On Mon, Mar 17, 2025 at 11:11:10PM -0700, Christoph Hellwig wrote:
> On Mon, Mar 17, 2025 at 02:21:29PM -0400, Kent Overstreet wrote:
> > Beyond making sure that retries go to the physical media, there's "retry
> > level" in the NVME spec which needs to be plumbed, and that one will be
> > particularly useful in multi device scenarios. (Crank retry level up
> > or down based on whether we can retry from different devices).
> 
> The read recovery level is to reduce the amount or intensity of read
> retries, not to increase it so that workloads that have multiple sources
> for data aren't stalled by the sometimes extremely long read recovery.
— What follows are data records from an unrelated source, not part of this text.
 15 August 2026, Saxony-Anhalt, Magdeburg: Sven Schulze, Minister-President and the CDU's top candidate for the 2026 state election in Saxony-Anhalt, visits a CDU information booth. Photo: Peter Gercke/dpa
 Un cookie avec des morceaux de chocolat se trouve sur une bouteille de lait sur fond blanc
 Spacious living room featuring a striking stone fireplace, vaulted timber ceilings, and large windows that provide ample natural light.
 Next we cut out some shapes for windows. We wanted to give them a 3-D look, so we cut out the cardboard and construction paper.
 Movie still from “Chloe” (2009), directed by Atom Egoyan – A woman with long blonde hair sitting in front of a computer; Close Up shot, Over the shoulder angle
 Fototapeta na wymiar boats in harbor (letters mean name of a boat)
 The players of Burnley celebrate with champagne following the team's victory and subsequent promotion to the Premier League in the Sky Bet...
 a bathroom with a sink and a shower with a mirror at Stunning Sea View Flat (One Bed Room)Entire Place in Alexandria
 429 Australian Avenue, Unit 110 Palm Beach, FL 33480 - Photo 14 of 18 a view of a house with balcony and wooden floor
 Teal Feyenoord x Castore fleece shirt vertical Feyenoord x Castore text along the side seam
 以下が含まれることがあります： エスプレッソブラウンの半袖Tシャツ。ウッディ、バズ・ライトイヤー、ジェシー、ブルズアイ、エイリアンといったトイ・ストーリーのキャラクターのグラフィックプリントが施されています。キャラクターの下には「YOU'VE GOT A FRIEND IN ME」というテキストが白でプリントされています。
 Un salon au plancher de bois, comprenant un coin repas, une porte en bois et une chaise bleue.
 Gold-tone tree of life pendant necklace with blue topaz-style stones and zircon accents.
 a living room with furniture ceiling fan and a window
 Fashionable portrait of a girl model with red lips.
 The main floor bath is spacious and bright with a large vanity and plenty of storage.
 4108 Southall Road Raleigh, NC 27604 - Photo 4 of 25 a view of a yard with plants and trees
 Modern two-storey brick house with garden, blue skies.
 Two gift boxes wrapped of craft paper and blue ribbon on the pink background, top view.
> You won't really find much hardware that actually implements it.
> 
> As a little background: The read recovery level was added as part of the
> predictive latency mode and originally tied to the (now heavily deprecated
> and never implemented in scale) NVM sets.  Yours truly successfully
> argued that they should not be tied to NVM sets and helped to make them
> more generic, but the there was basically no uptake of the read recovery
> level, with or without NVM sets.

Well, if it can't be set per IO, that makes it fairly useless.

If it _was_ per IO it'd be dead easy to slot into bcachefs, the tracking
of IO/checksum errors in a replicated/erasure coded extent is
sophisticated enough to easily accommodate things like this (mainly you
need to know when submitting - do we have additional retries? and then
when you get an error, you don't want count it if it was "fast fail").